■ **YOUR ASSIGNMENT**
The records below need to be printed in full. Keep each one exact.
┄┄┄┄┄┄┄┄┄┄
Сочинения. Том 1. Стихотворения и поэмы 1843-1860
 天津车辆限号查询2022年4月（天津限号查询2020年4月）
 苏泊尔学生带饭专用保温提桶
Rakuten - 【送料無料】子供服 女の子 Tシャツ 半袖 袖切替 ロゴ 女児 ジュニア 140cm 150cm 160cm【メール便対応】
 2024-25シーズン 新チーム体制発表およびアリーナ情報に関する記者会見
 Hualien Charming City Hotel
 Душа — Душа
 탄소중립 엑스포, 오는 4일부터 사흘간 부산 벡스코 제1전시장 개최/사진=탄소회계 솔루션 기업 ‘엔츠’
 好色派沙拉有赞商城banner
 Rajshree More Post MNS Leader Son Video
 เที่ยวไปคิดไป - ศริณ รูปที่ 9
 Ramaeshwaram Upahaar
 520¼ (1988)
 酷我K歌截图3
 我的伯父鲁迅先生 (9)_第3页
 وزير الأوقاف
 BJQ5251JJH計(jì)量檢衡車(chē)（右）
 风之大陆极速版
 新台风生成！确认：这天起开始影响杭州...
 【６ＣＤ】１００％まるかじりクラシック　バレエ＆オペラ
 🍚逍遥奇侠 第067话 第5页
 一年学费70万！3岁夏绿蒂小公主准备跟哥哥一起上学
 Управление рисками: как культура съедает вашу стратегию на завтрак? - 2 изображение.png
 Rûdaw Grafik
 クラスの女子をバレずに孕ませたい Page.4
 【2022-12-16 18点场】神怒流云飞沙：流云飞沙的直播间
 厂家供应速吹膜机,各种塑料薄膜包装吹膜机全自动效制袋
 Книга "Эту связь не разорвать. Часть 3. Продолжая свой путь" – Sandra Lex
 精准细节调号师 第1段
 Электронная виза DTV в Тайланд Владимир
┄┄┄┄┄┄┄┄┄┄
■ **EXERCISE RESPONSE**
Сочинения. Том 1. Стихотворения и поэмы 1843-1860
 天津车辆限号查询2022年4月（天津限号查询2020年4月）
 苏泊尔学生带饭专用保温提桶
Rakuten - 【送料無料】子供服 女の子 Tシャツ 半袖 袖切替 ロゴ 女児 ジュニア 140cm 150cm 160cm【メール便対応】
 2024-25シーズン 新チーム体制発表およびアリーナ情報に関する記者会見
 Hualien Charming City Hotel
 Душа — Душа
 탄소중립 엑스포, 오는 4일부터 사흘간 부산 벡스코 제1전시장 개최/사진=탄소회계 솔루션 기업 ‘엔츠’
 好色派沙拉有赞商城banner
 Rajshree More Post MNS Leader Son Video
 เที่ยวไปคิดไป - ศริณ รูปที่ 9
 Ramaeshwaram Upahaar
 520¼ (1988)
 酷我K歌截图3
 我的伯父鲁迅先生 (9)_第3页
 وزير الأوقاف
 BJQ5251JJH計(jì)量檢衡車(chē)（右）
 风之大陆极速版
 新台风生成！确认：这天起开始影响杭州...
 【６ＣＤ】１００％まるかじりクラシック　バレエ＆オペラ
 🍚逍遥奇侠 第067话 第5页
 一年学费70万！3岁夏绿蒂小公主准备跟哥哥一起上学
 Управление рисками: как культура съедает вашу стратегию на завтрак? - 2 изображение.png
 Rûdaw Grafik
 クラスの女子をバレずに孕ませたい Page.4
 【2022-12-16 18点场】神怒流云飞沙：流云飞沙的直播间
 厂家供应速吹膜机,各种塑料薄膜包装吹膜机全自动效制袋
 Книга "Эту связь не разорвать. Часть 3. Продолжая свой путь" – Sandra Lex
 精准细节调号师 第1段
 Электронная виза DTV в Тайланд Владимир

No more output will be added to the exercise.